Louis Craig porte d'ailleurs un t-shirt de Death Race, le film américain de Paul WS Anderson, tourné à Montréal, pour lequel il a construit l'an dernier 36 voitures et dirigé une équipe de 220 techniciens. Son plus grand chantier jusqu'à aujourd'hui.

«C'est un peu un point culminant de ma carrière. J'ai fait plein de gros projets, mais ici, j'avais un budget gigantesque, une équipe monstre et un carnet de commandes complètement débile. Ça a été un défi énorme de passer à travers ça et je pense qu'on a été capables de livrer le tout avec brio», se félicite-t-il celui qui a collaboré tant avec des productions américaines (Catch Me If You Can, Blades of Glory, The Fountain, 300) que québécoises (Le déclin de l'empire américain, Les Boys ou Maman est chez le coiffeur).

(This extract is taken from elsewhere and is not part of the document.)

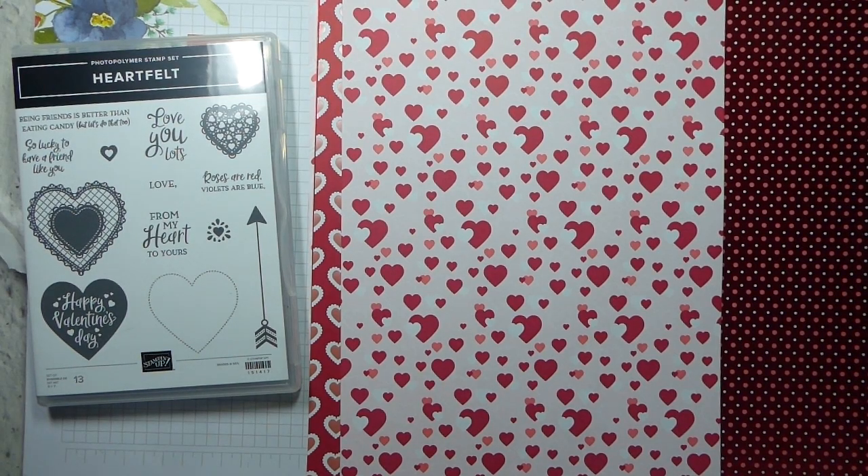Hi there, it's Liz Yule from Old Stables Crafts. Thank you very much for joining me again today. Today I am starting my Valentine's week. I know it's a month early, but if I'm going to share projects with you, then I need to give you time to order stuff and make the projects.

Né dans une famille outremontaise, Louis Craig a grandi près d'une mère artiste et d'un père «idéateur, créateur, complètement allumé», qui se retrouve bientôt cadre au jeune Journal de Montréal. Jeune homme, il s'intéresse d'abord à l'image et à la photo avant de tomber dans le monde des effets spéciaux. «Je cherchais quelque chose où je pouvais performer», dit ce grand amateur d'expéditions alpines.

C'est sur des films américains que Louis Craig se fait la main, à la fin des années 70. «J'ai commencé sur des productions américaines qui venaient tourner à Montréal, sur des B Movies», dit-il. En 1979, il participe au tournage de City on Fire et fait, peu après, la rencontre du chimiste américain Gary Zeller (Dawn of the Dead).

«C'est Gary qui m'a initié à toute la chimie des effets spéciaux. On est devenus copains très rapidement, et c'est avec lui que j'ai appris en pyrotechnie. J'ai commencé après à faire des allers-retours à Hollywood pour rencontrer les chefs des départements des effets spéciaux. Je me suis inspiré de tout ce que je voyais dans cette Mecque des effets spéciaux», se souvient-il.

Pourtant, s'il fonde en 1982 L'intrigue à Montréal, ce n'est pas pour les occasions d'affaires qu'on trouve dans ce secteur, mais plus pour la qualité de vie qu'il pense y trouver. «Je me suis décidé à ouvrir à Montréal en même temps que j'ai rencontré ma femme. Ça a cristallisé mes ambitions», dit-il.

«Mes collègues avaient tous des problèmes familiaux. Je me suis dit, je vais essayer d'avoir une petite business, de prendre ce qu'il y a à prendre à Montréal», dit-il. Et aujourd'hui? «Aujourd'hui, la business fonctionne, la famille fonctionne toujours», sourit-il.

Pourtant, la petite entreprise de Louis Craig a connu son lot de difficultés, notamment avec la mort en 1995 du chef machiniste Jean-François Bourassa sur un plateau de tournage. Le visage de Louis Craig se rembrunit à l'évocation du drame.

«C'est un métier à risque, il y a toujours un élément de danger potentiel avec les outils que l'on utilise. Il y a toujours un degré de risque plus élevé que dans les autres métiers de l'industrie du cinéma», croit-il. Les affaires ont-elles souffert de l'accident? «Non, répond-il. Le milieu a été solidaire.»

Aujourd'hui, le défi pour L'intrigue se situe davantage dans l'absence de commandes en provenance des studios américains. «En 33 ans de carrière, je n'ai jamais vu Montréal vide à ce point-là», dit-il. Qu'importe: en attendant Hollywood, Louis Craig travaillera pour un projet du Cirque du Soleil.